Czy przeglądając Aliexpress lub inne strony z ubraniami prezentowanymi przez Chinki, zastanawialiście się kiedyś jak wygląda ich praca?
Pracując jako modelka w Chinach, musisz się nauczyć ekspresowego pozowania. Dosłownie. W sieci pojawiło się wideo, prezentujące takie sesje od kuchni. Te, były akurat tworzone na stronę Taobao — chińskiej wersji Amazona, ale dobrze wiemy, że nie ma to większego znaczenia, bo tego typu fotografie każdy z nas widział milion razy.
Jak informuje Chinadaily, każda z modelek pozuje codziennie w nawet 150 stylizacjach i ponad 700 pozach. Na zmianę stroju mają dokładnie minutę pomiędzy sesjami i 10 minut w ciągu dnia na posiłek. Mimo spartańskich warunków jest to jedna z najbardziej opłacalnych prac — niektóre z modelek na jednym takim dniu zdjęciowym zarabiają nawet do 1500 dolarów.

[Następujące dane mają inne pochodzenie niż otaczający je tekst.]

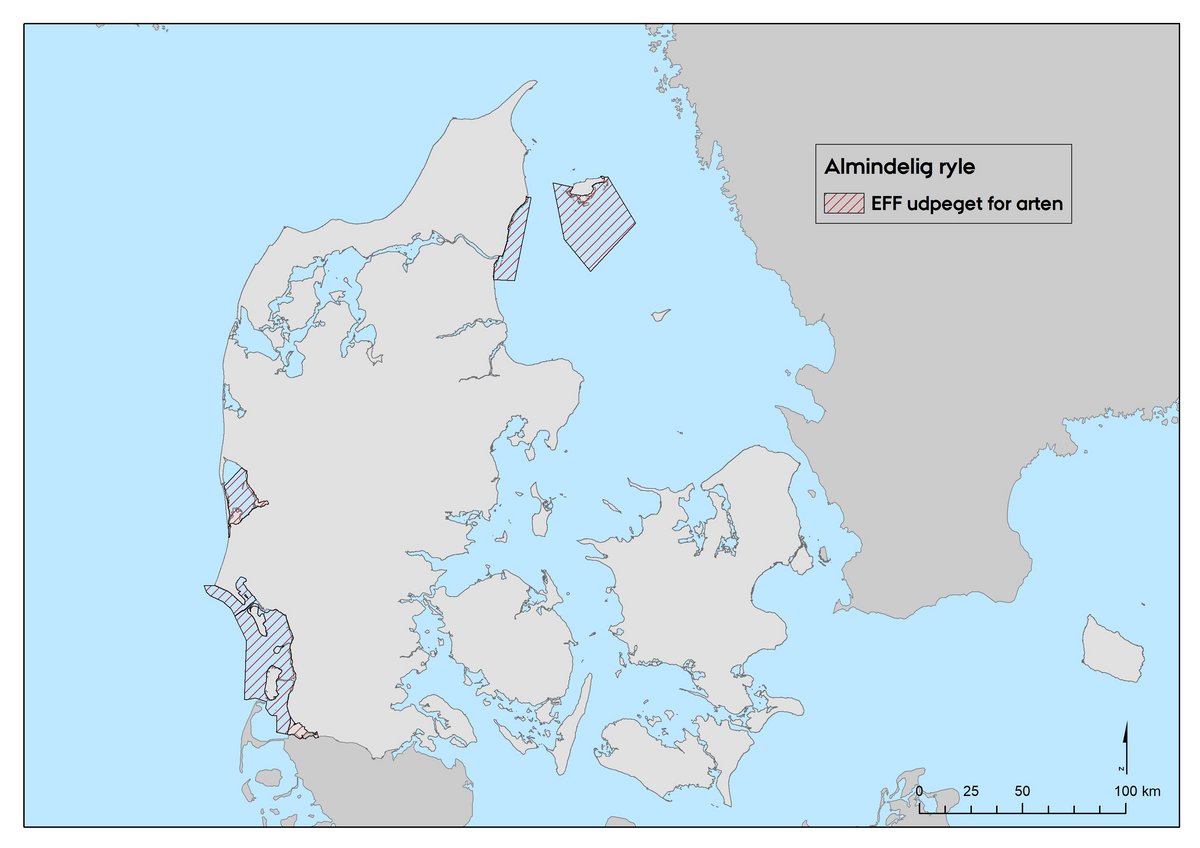 Øvrige tællinger almindelig ryle, figur 1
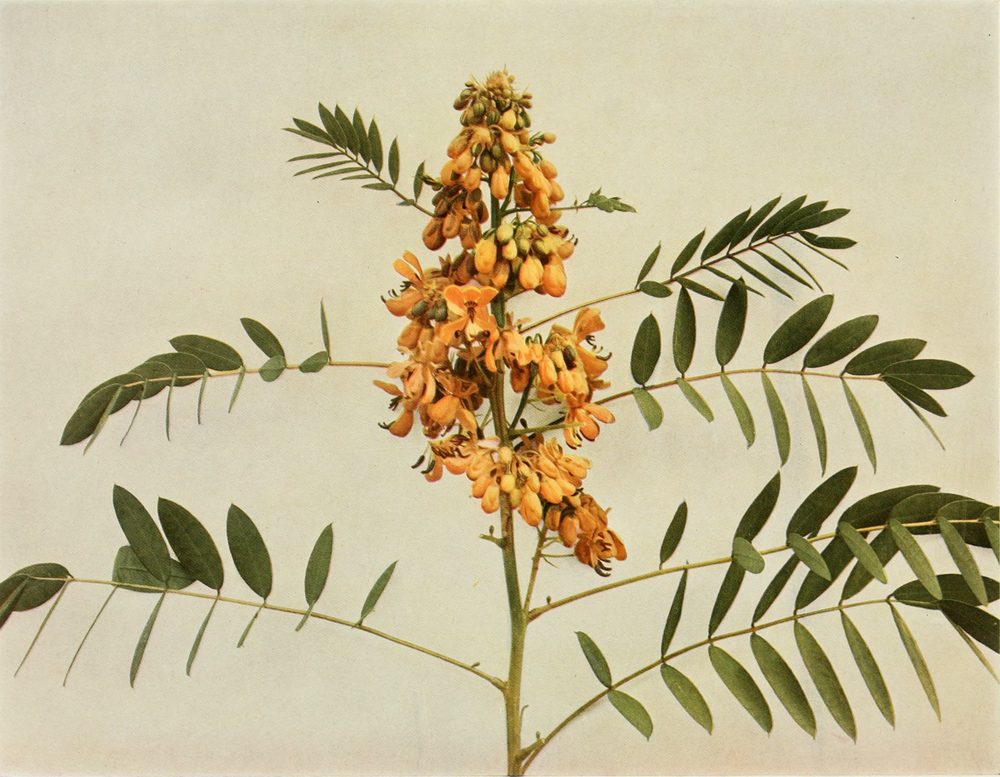 Wild Senna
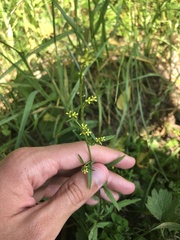Sisymbrium officinale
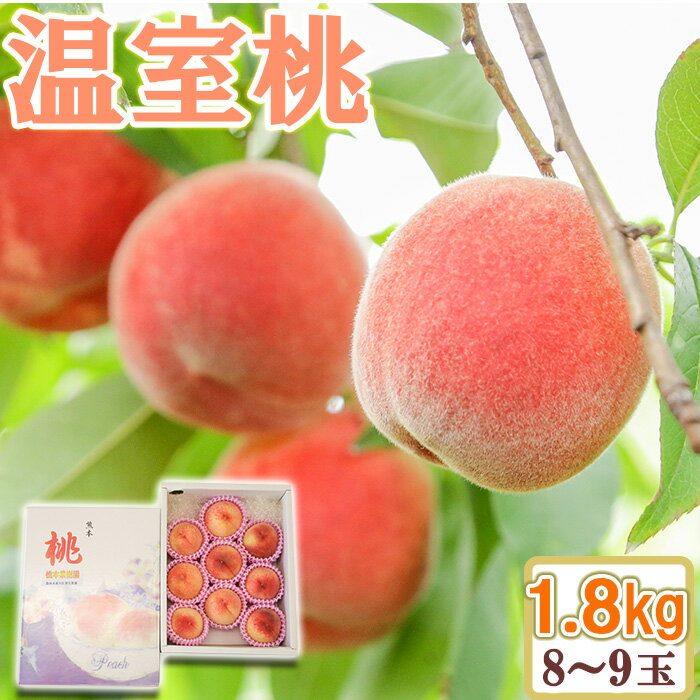 温室桃 1.8Kg 加温 高糖度 ハウス 桃 ジューシー はなよめ 安心 安全 フルーツ 送料無料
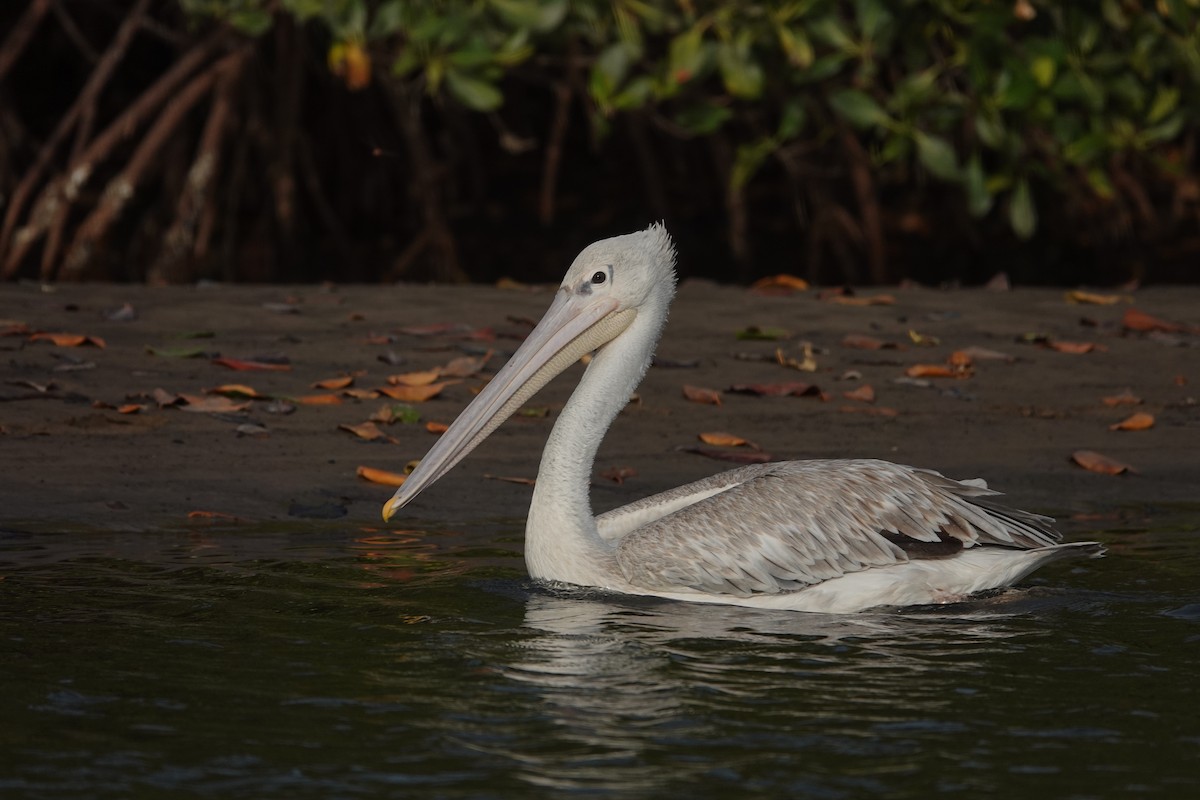 Pink-backed Pelican - ML631465761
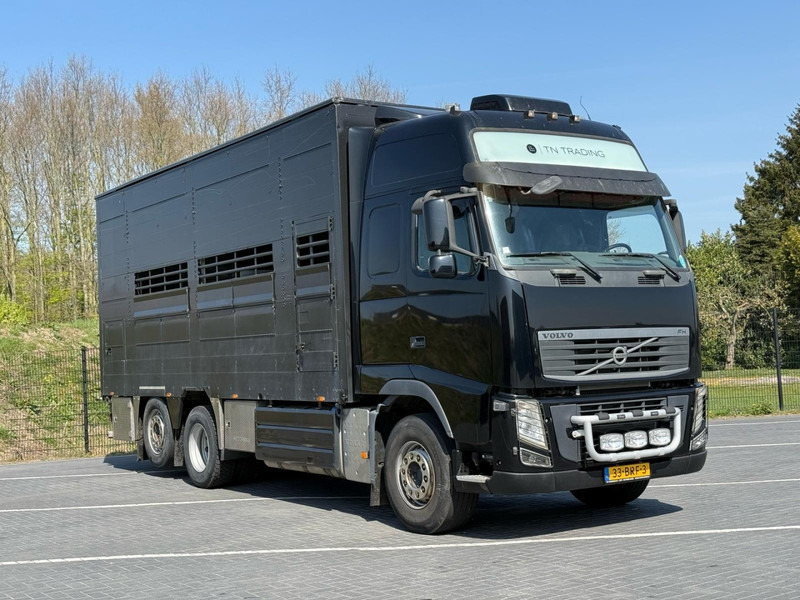 Volvo FH 13.540 STEERING, RETARDER, DOUBLE FLOOR, LIVE STOCK. - Φορτηγό μεταφορά ζώων: φωτογραφία 2 Volvo FH 13.540 STEERING, RETARDER, DOUBLE FLOOR, LIVE STOCK. - Φορτηγό μεταφορά ζώων: φωτογραφία 2
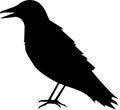 Illustration of a silhouette of a raven on a white background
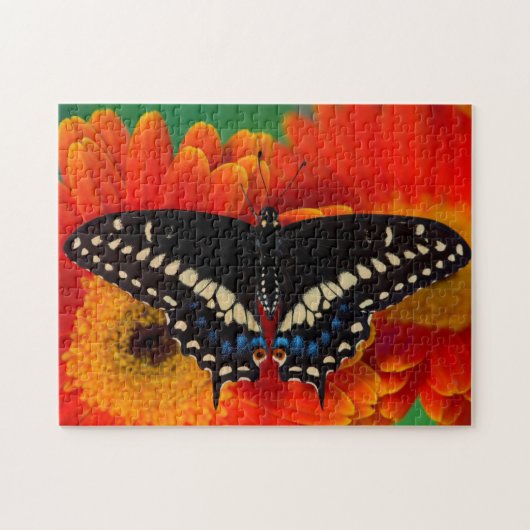 Schwalbenschwanz auf Gerbera Puzzle (Horizontal)
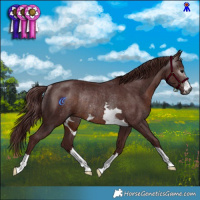 Horse Color:Gray Chocolate Brown Rabicano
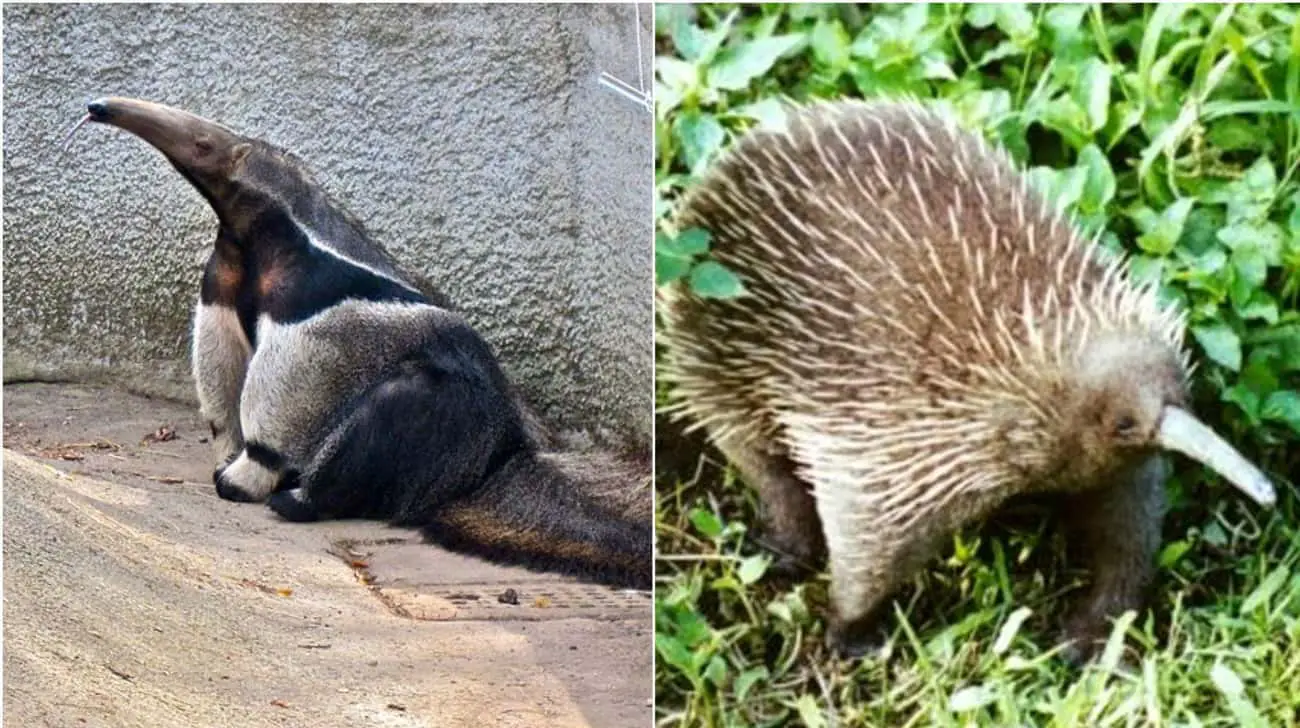 These Animal Species Don&#8217;t Live Near Each Other But Are Eerily Similar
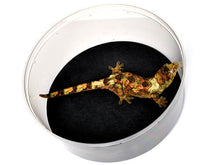 Load image into Gallery viewer, Repti-Zorb 9.75" Diameter Deli Cup Liners 50-Pack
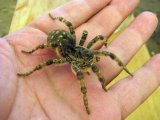 Южнорусский тарантул в Чебоксарах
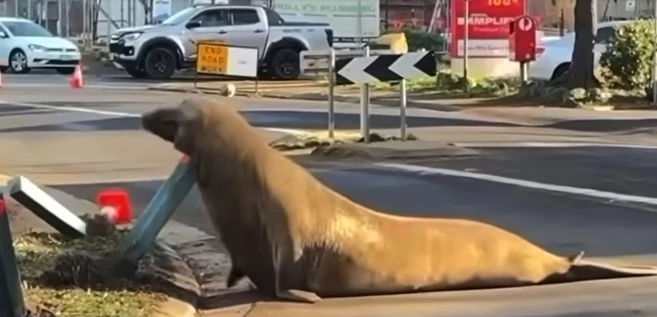 a-warning-to-those-coming-to-watch-the-seal-that-arrived-in-the-state-of-tasmania-australia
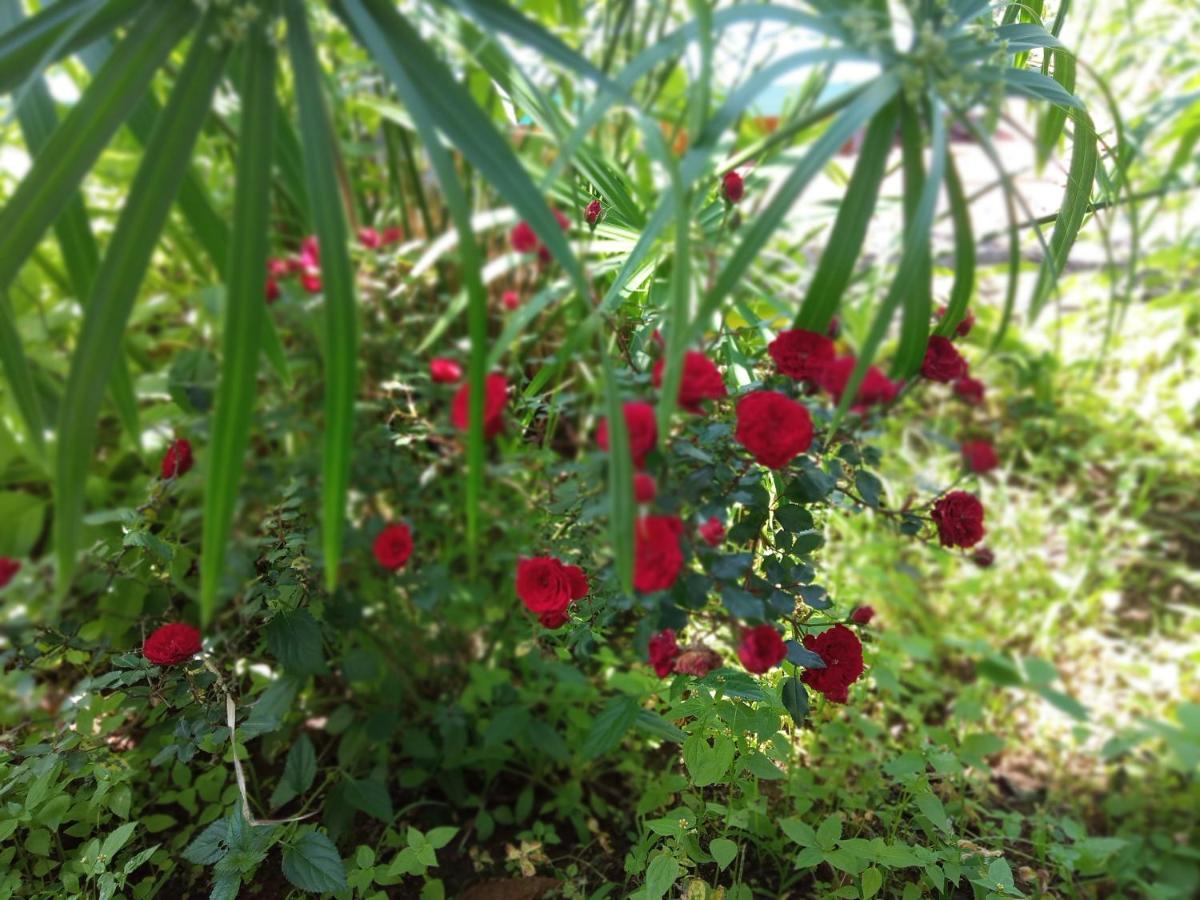 Oak Valley Resorts Kotagiri Kültér fotó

A o to krótkie wideo, pokazujące, jak takie sesje powstają. Jak widać, modelki zmianę póz mają opanowane do perfekcji, a ich ruchy bardziej przypominają roboty niż ludzi. Czy w tym szaleństwie jest metoda? Biorąc pod uwagę niską jakość produktu i wpływ na środowisko – raczej nie.